AIM OF THE EXERCISE -> For this exercise, copy exactly the lines below from the one with "clear aligners" through the one with "taken with AM4515T8" and leave out the pictures.

-- INPUT DATA follows --

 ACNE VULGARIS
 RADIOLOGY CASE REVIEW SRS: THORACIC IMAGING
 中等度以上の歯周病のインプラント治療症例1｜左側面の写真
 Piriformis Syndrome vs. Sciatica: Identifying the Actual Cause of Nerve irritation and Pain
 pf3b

-- INPUT DATA concluded --
-- INPUT DATA follows --

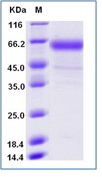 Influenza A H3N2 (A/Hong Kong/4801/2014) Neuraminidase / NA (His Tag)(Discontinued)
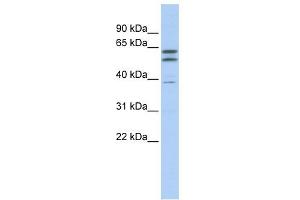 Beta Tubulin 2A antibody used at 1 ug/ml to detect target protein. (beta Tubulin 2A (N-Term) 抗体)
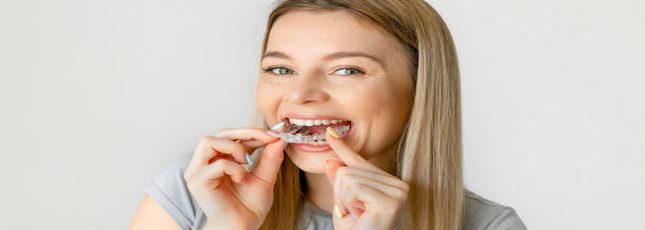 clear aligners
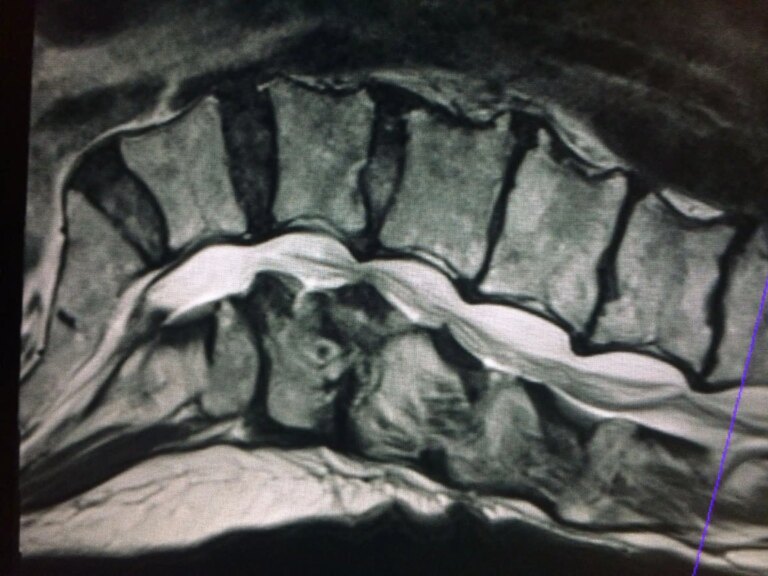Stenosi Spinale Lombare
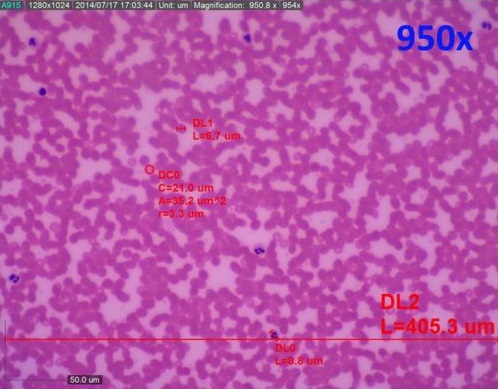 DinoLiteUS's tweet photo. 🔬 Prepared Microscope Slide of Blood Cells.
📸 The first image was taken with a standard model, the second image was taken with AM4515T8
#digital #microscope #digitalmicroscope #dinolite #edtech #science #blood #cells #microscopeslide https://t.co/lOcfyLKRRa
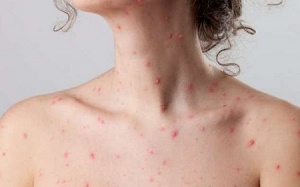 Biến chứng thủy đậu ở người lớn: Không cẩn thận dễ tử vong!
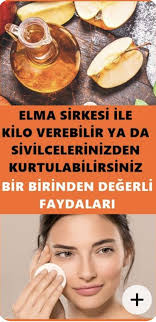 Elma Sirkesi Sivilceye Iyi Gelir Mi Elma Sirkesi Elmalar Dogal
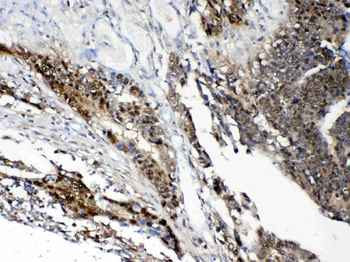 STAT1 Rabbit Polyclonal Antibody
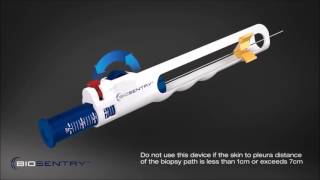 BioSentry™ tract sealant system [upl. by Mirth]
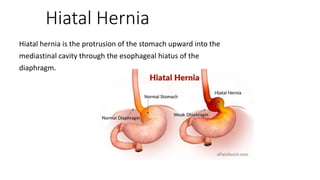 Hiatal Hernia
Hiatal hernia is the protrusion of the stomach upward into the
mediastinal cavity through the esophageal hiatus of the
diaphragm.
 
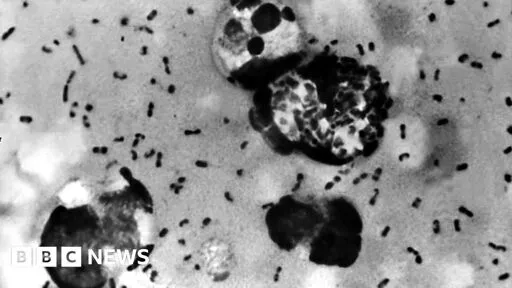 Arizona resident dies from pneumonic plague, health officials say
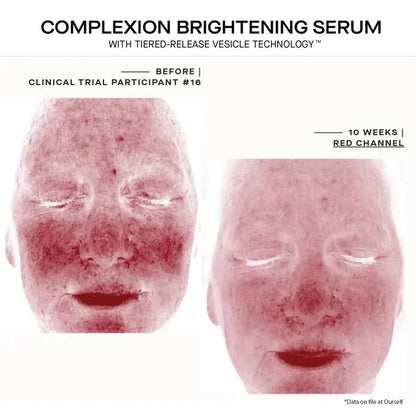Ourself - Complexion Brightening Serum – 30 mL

-- INPUT DATA concluded --

FINAL ANSWER ->
 clear aligners
Stenosi Spinale Lombare
 DinoLiteUS's tweet photo. 🔬 Prepared Microscope Slide of Blood Cells.
📸 The first image was taken with a standard model, the second image was taken with AM4515T8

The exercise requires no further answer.